When I was younger and less confident at work in healthcare, I played the game too. I too nodded approvingly at meetings when we discussed complex issues in our own language. I probably even appeared knowledgeable.
As years have passed I came to realise that it is in fact a game.
I now try hard to keep things simple.
This is not because I want to score points over colleagues or appear non conformist. It is a straightforward realisation on my part that protectionism is one of the main reasons we use such language in work settings.
I guess there is, among like-minded professionals in an organisation as complex as the health care setting, an acceptable level of “in-house” language. I happen to believe this is also an effective method of communicating among peers.
Where I part company with professional speak is when the audience includes those not in the “inner circle” – in the case of health care I mean patients and ther family carers.
One thing that has become apparent to me is that when we engage in meetings with patients and family carers the language protectionism needs to be exorcised if we are to have real and meaningful dialogue.
I am not suggesting patients and carers are unable to comprehend complex language – that assumption would be folly and indeed insulting to the patients and carers we serve.
Patients and family carers have enough to contend with.
By virtue of entering the health care sector – the patient is in need of support, advice and guidance. There is a health problem. That is often a stress provoking position. Support and care through that stressful period of life means it will hopefully pass. I am usually very re-assured in my discussions with patients and carers that health care professionals are very good at explaining things in language that is understood by the patient or carer. There is also the opportunity for the patient or carer to check the meaning in a one to one consultation.
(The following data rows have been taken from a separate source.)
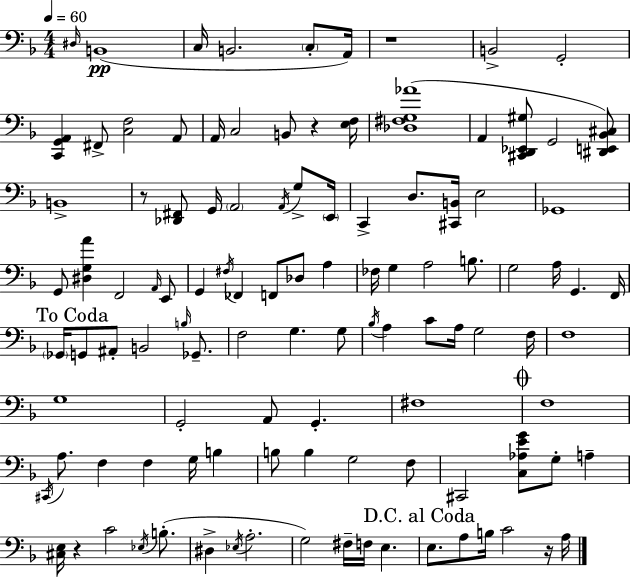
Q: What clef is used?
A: bass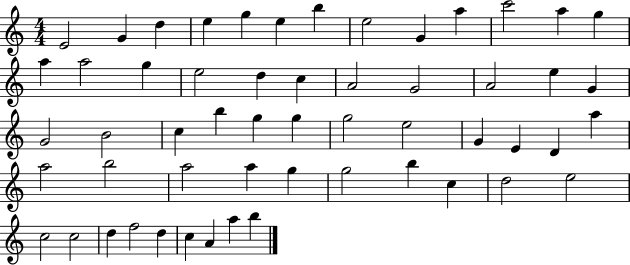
X:1
T:Untitled
M:4/4
L:1/4
K:C
E2 G d e g e b e2 G a c'2 a g a a2 g e2 d c A2 G2 A2 e G G2 B2 c b g g g2 e2 G E D a a2 b2 a2 a g g2 b c d2 e2 c2 c2 d f2 d c A a b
So … you might say … what is the problem?
Something else seems to happen in meetings of managers with patients and carers.
This is a totally different setting to the one to one consultations. It can – at worst – become a stage or arena for the manager to show their prowess of mastering a language that leaves the patients and carers confused, as yet another acronym or buzz word or phrase emerges from the lips of the well meaning manager. This is not intended to be either an insult to my colleagues in management –I was proud to be one of their number - or a patronising statement about the intellectual ability of patients and carers
It is simply my contention that “in-house” language should remain in house.
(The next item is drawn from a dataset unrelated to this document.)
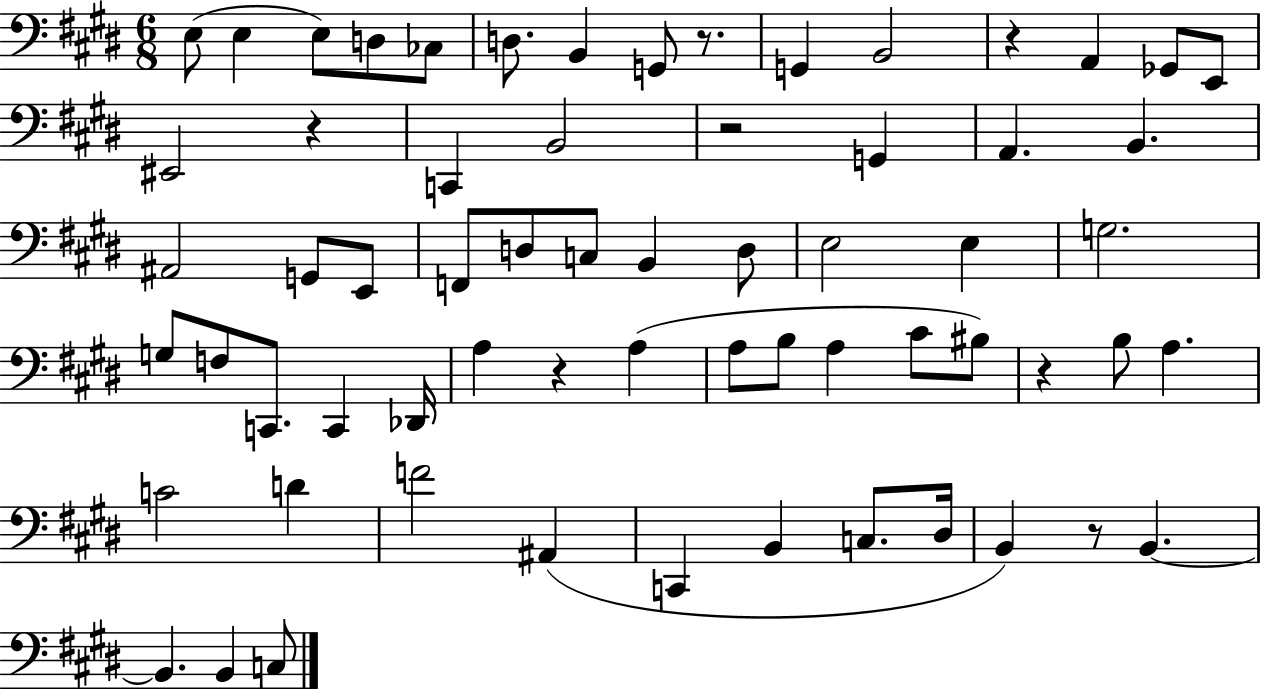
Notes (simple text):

E3/e E3/q E3/e D3/e CES3/e D3/e. B2/q G2/e R/e. G2/q B2/h R/q A2/q Gb2/e E2/e EIS2/h R/q C2/q B2/h R/h G2/q A2/q. B2/q. A#2/h G2/e E2/e F2/e D3/e C3/e B2/q D3/e E3/h E3/q G3/h. G3/e F3/e C2/e. C2/q Db2/s A3/q R/q A3/q A3/e B3/e A3/q C#4/e BIS3/e R/q B3/e A3/q. C4/h D4/q F4/h A#2/q C2/q B2/q C3/e. D#3/s B2/q R/e B2/q. B2/q. B2/q C3/e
The moment we engage in dialogue with patients and carers outside the “warmth” of our own health care environment, the language should change to what most people would call normal.
It is, perhaps, a sweeping generalisation, and one that I am confident will provoke challenge from readers, but I suspect that most patients and carers would rather hear plain language – similar to that used in everyday conversation.
This is not rocket science and I accept I am making a complex issue very simple. That is the whole point. I am simply asking for common sense and reality about the way we talk to our customers.